[Brief descriptive captions]

━━━━━━━━━━━━━━━━━━━━

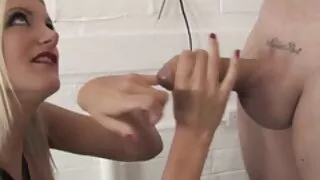Video sesso anale ninfomane porno nonna italiana girato con un ragazzo e un dildo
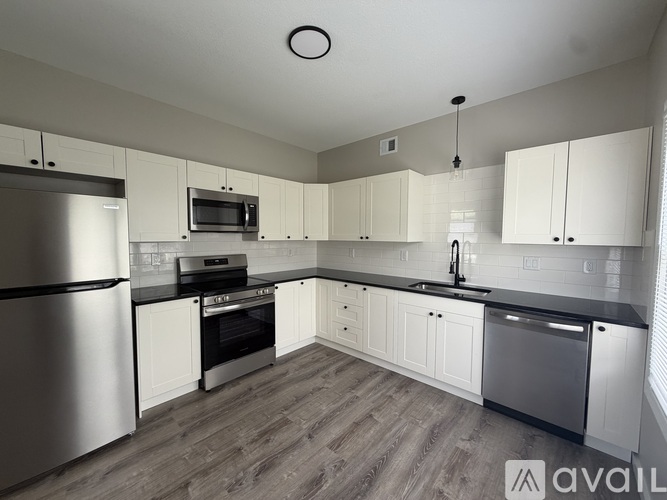 3837 North 123rd Terrace 3 Beds Single Family Home for Rent - Photo gallery 4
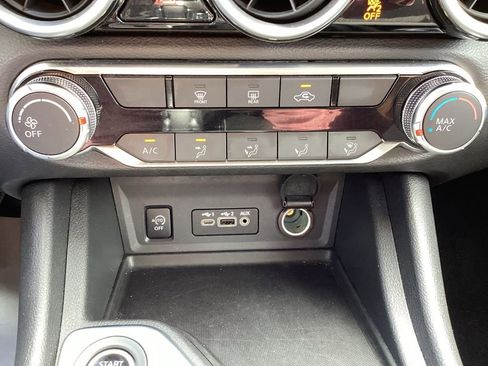 Used 2025 Nissan Sentra SV FWD image 17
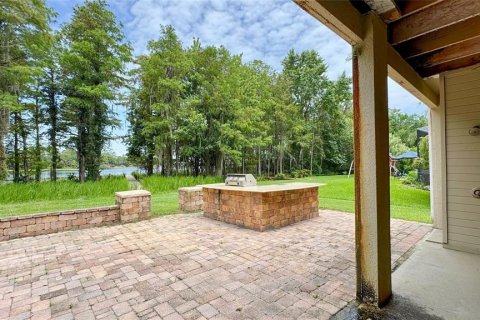 House in Orlando, Florida 4 bedrooms, 294.69 sq.m. № 2321691 - photo 6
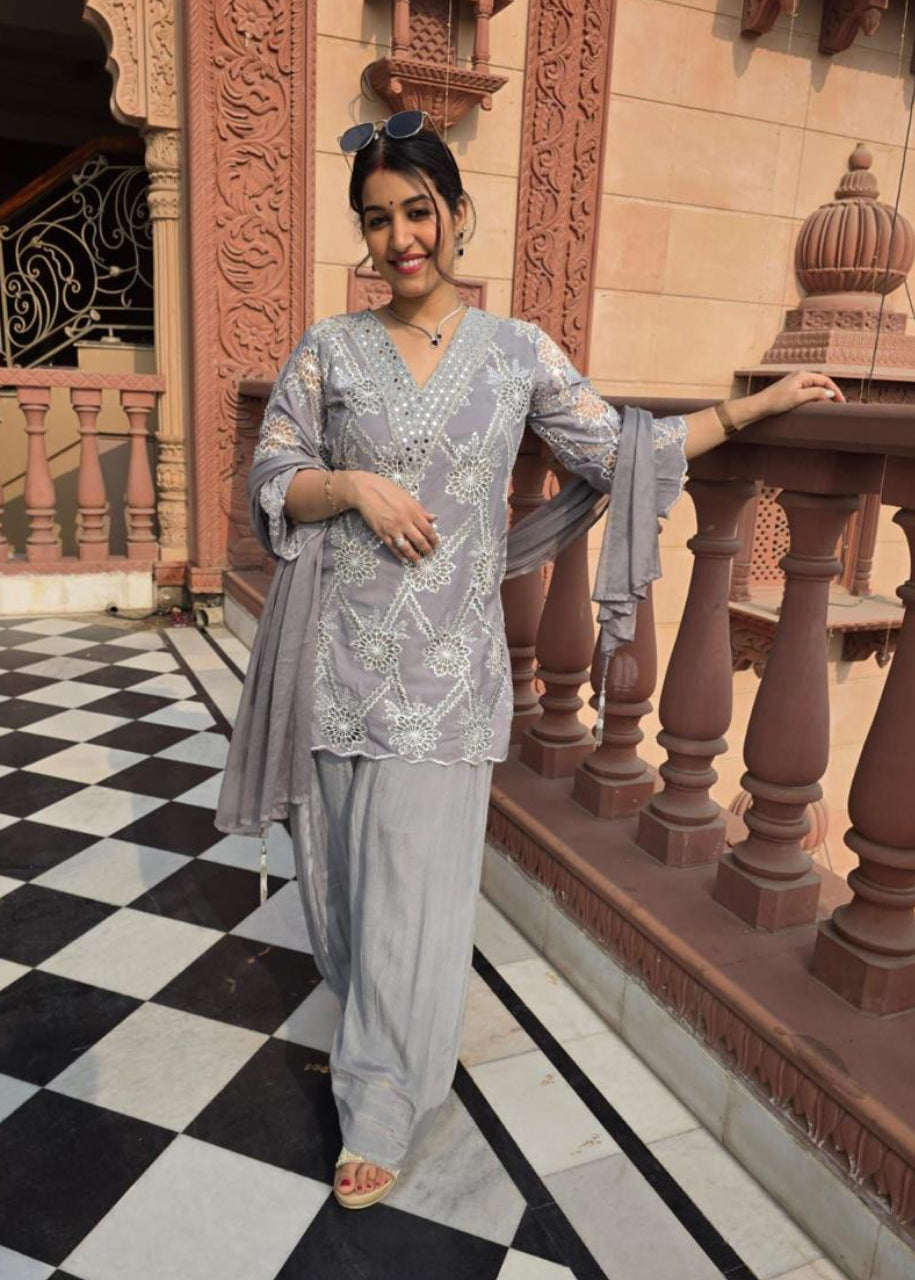 Farshi Salwar Suit Set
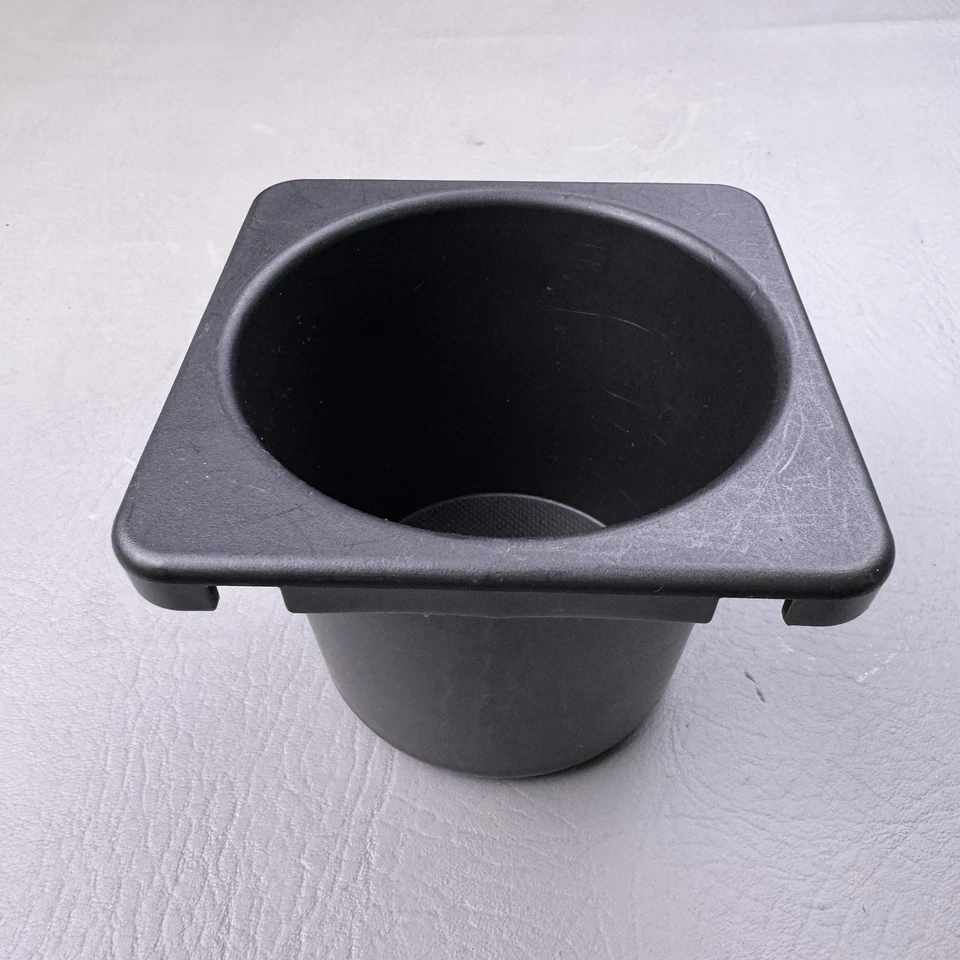 Центральная консоль Toyota Prius V 2012-2017 годов выпуска нижний выдвижной подстаканник вставной изготовитель оборудования - Изображение 4 из 4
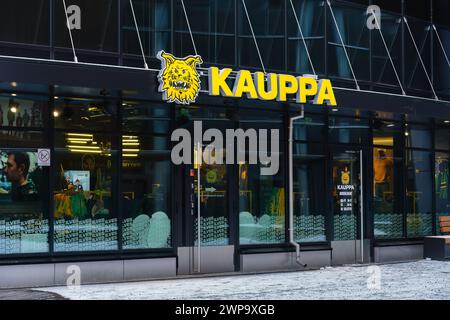 Fanshop für das Sportteam Ilves in der Nokia Arena in Tampere, Finnland. Januar 2024. Stockfoto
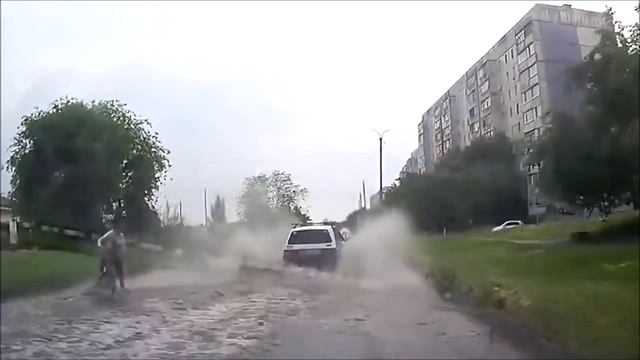 Автохам обрызгал велосипедистов смотреть онлайн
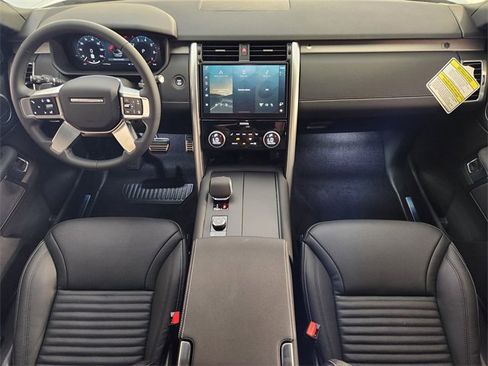 New 2026 Land Rover Discovery Limited Edition image 4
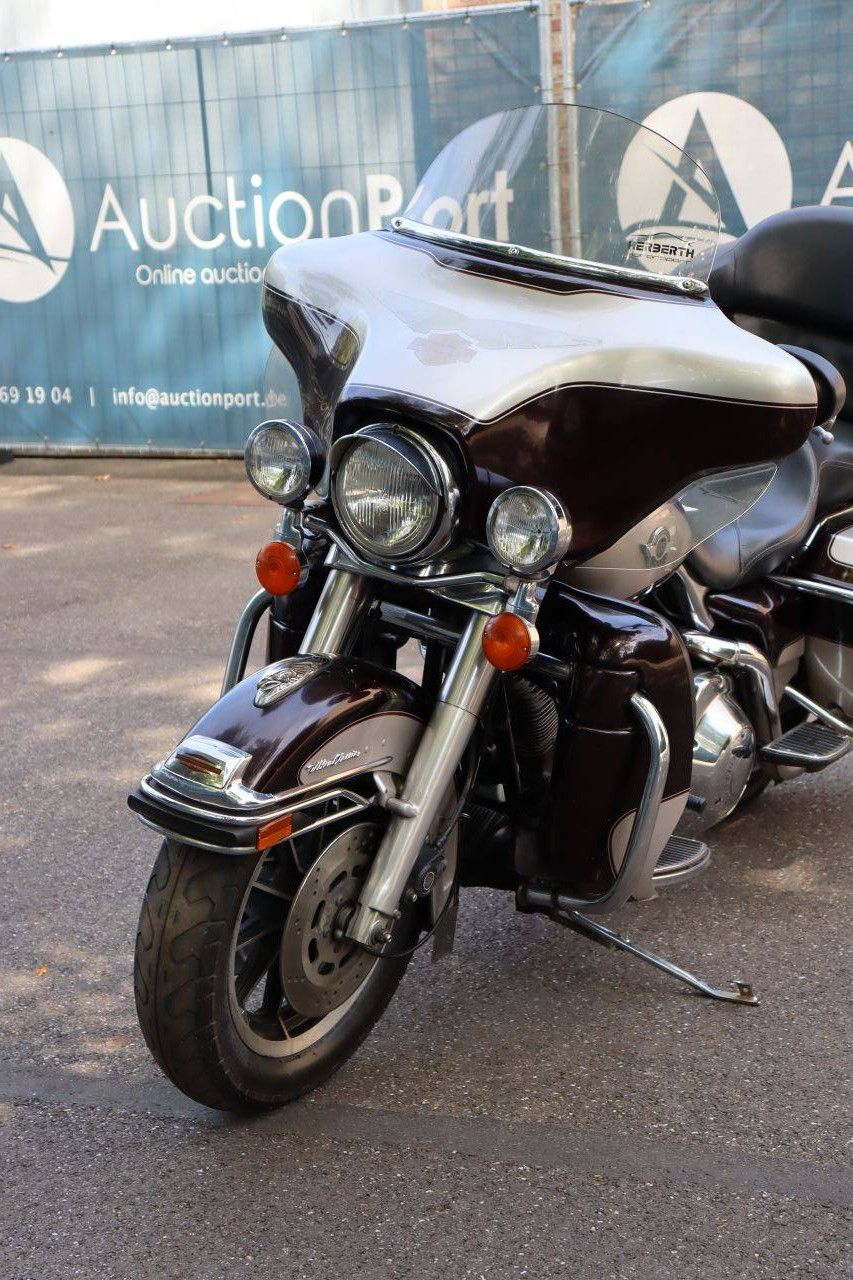 Motorrad Harley-Davidson Ultra Classic Benzin 1999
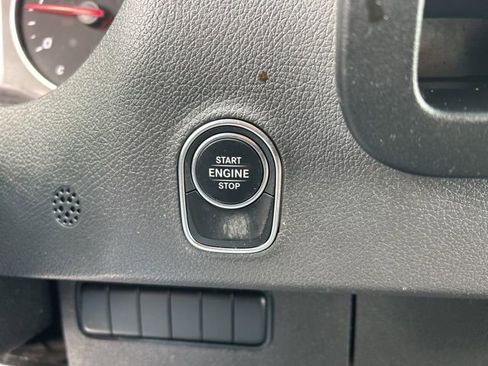 Used 2024 Mercedes-Benz Sprinter 2500 image 17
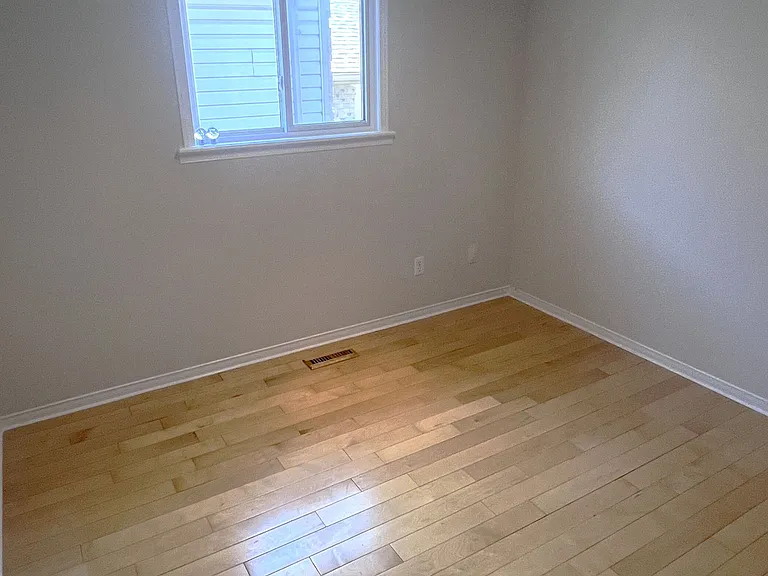472 Talltree Cres — Photo 8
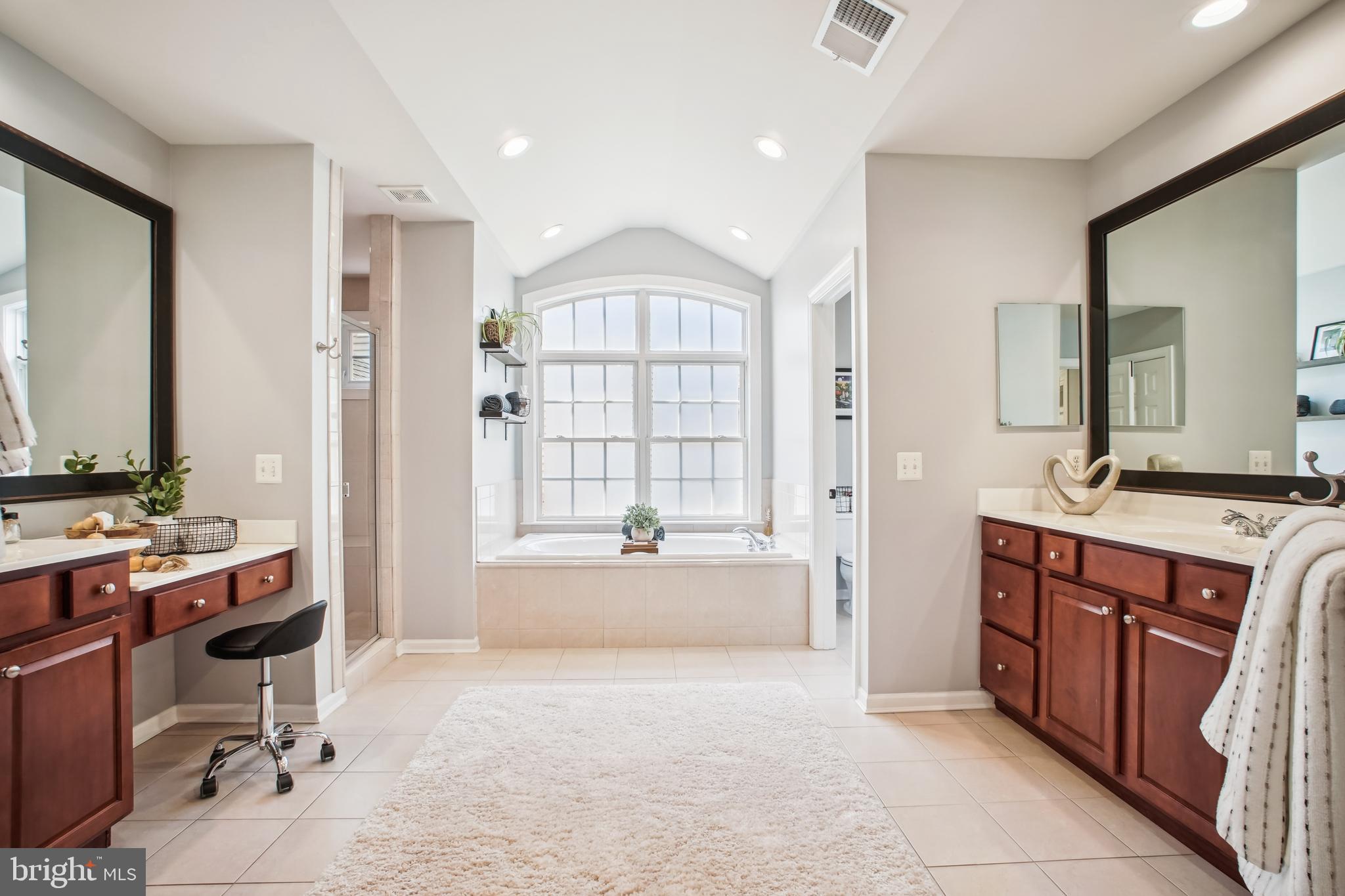 RIVER CREEK - Residential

━━━━━━━━━━━━━━━━━━━━

**Assignment:** Only the text of the entries above is to be given again, exactly, with the pictures left out.

**The completed task:**
Video sesso anale ninfomane porno nonna italiana girato con un ragazzo e un dildo
 3837 North 123rd Terrace 3 Beds Single Family Home for Rent - Photo gallery 4
 Used 2025 Nissan Sentra SV FWD image 17
 House in Orlando, Florida 4 bedrooms, 294.69 sq.m. № 2321691 - photo 6
 Farshi Salwar Suit Set
 Центральная консоль Toyota Prius V 2012-2017 годов выпуска нижний выдвижной подстаканник вставной изготовитель оборудования - Изображение 4 из 4
 Fanshop für das Sportteam Ilves in der Nokia Arena in Tampere, Finnland. Januar 2024. Stockfoto
 Автохам обрызгал велосипедистов смотреть онлайн
 New 2026 Land Rover Discovery Limited Edition image 4
 Motorrad Harley-Davidson Ultra Classic Benzin 1999
 Used 2024 Mercedes-Benz Sprinter 2500 image 17
472 Talltree Cres — Photo 8
 RIVER CREEK - Residential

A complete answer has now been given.